I momenti più belli dell’album sono quelli in cui i quattro strumenti dialogano su basi di accordi mai banali, e su ritmi di batteria spesso jazzati (come in Eolo o Casaoeste). E colpisce tanta ricchezza di suono pur in assenza pressoché totale di elettronica, per cui il suono degli Ansiria può a rigore dirsi pop-rock puro, senza contaminazioni.
C’è ancora margine di miglioramento, naturalmente, magari con un’attenzione alla metrica (scrivere e mettere in versi in italiano la musica rock non è mai stato facile e sono cadute in qualche “stonatura” anche band illustri come Litfiba o CSI) mentre i testi sono decisamente suggestivi ma forse un po’ troppo ermetici (caratteristica, anche questa, comune a molte band italiane soprattutto dei tempi recenti).

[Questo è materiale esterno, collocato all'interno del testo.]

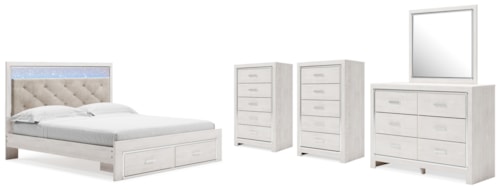 King Storage Bed, Dresser, Mirror And 2 Chests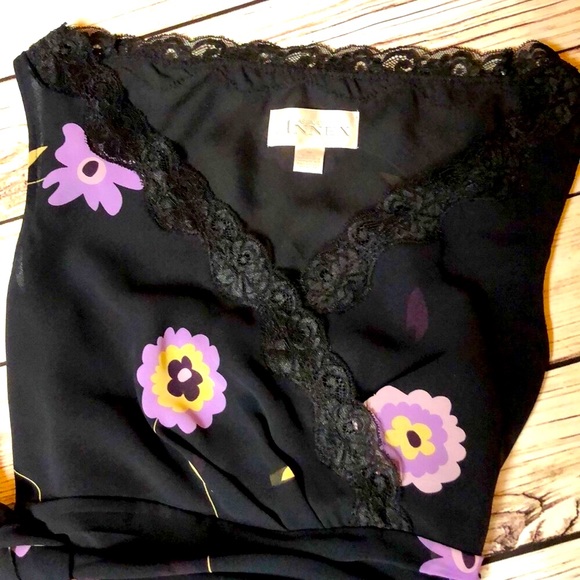 Floral Wrap Top Casual Corner Posey Blouse - Picture 4 of 7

Spiccano su tutti, come momenti migliori dell’album, le intro arpeggiate di chitarra ne Il vuoto e la sua vanità o di L’odore della pelle, l’assolo finale di Non Userò, e L’uomo, dove davvero testo e musica si fondono in una suggestione fortemente coinvolgente ed emotiva, che spazia su domande esistenziali suggerite dalle bellissime liriche.
Ora dagli Ansiria si attende la prova di conferma, augurando loro che la gestazione sia più facile di quella che loro stessi raccontano per questo primo album. Con tanto di guadagnato per l’intero panorama nostrano di musica indipendente del circuito campano.